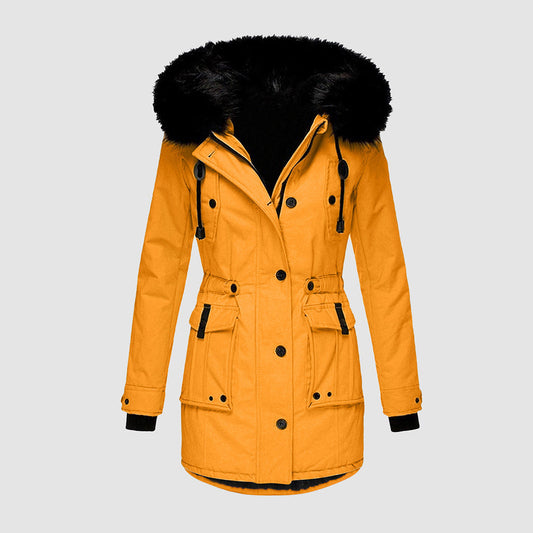 Women's Waterproof Hooded Winter Jacket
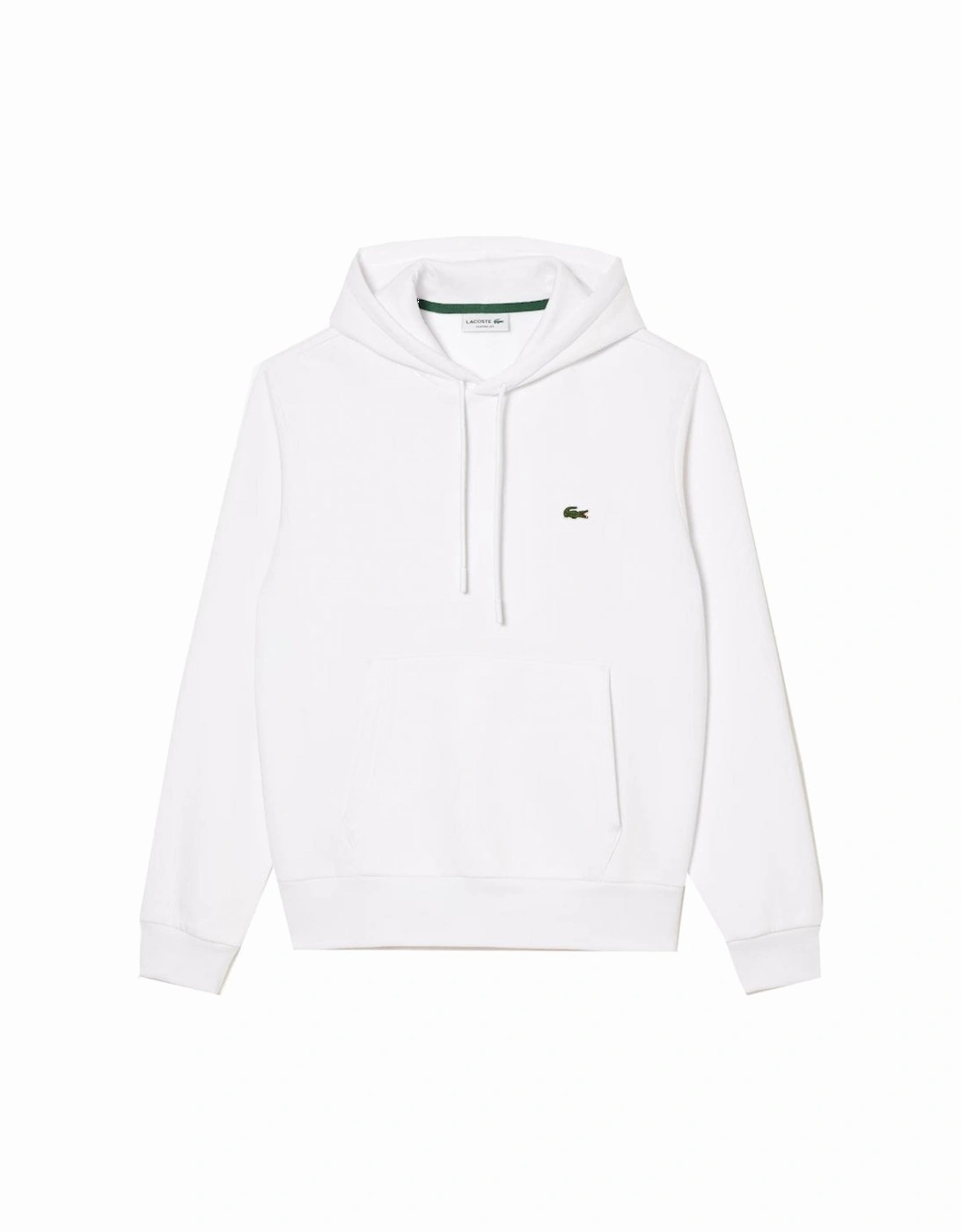 Men's White Hooded Sweatshirt, 3 of 2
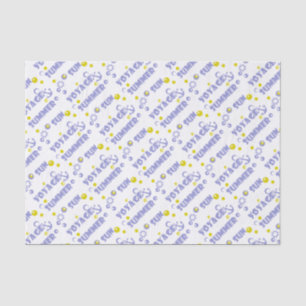 Sea, travel , summer , sun tissue paper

_ _ _

» EXERCISE PROMPT
Output the complete listing exactly. Pictures stay out.

» OUTPUT FOR THIS EXERCISE
 Women's Waterproof Hooded Winter Jacket
 Men's White Hooded Sweatshirt, 3 of 2
 Sea, travel , summer , sun tissue paper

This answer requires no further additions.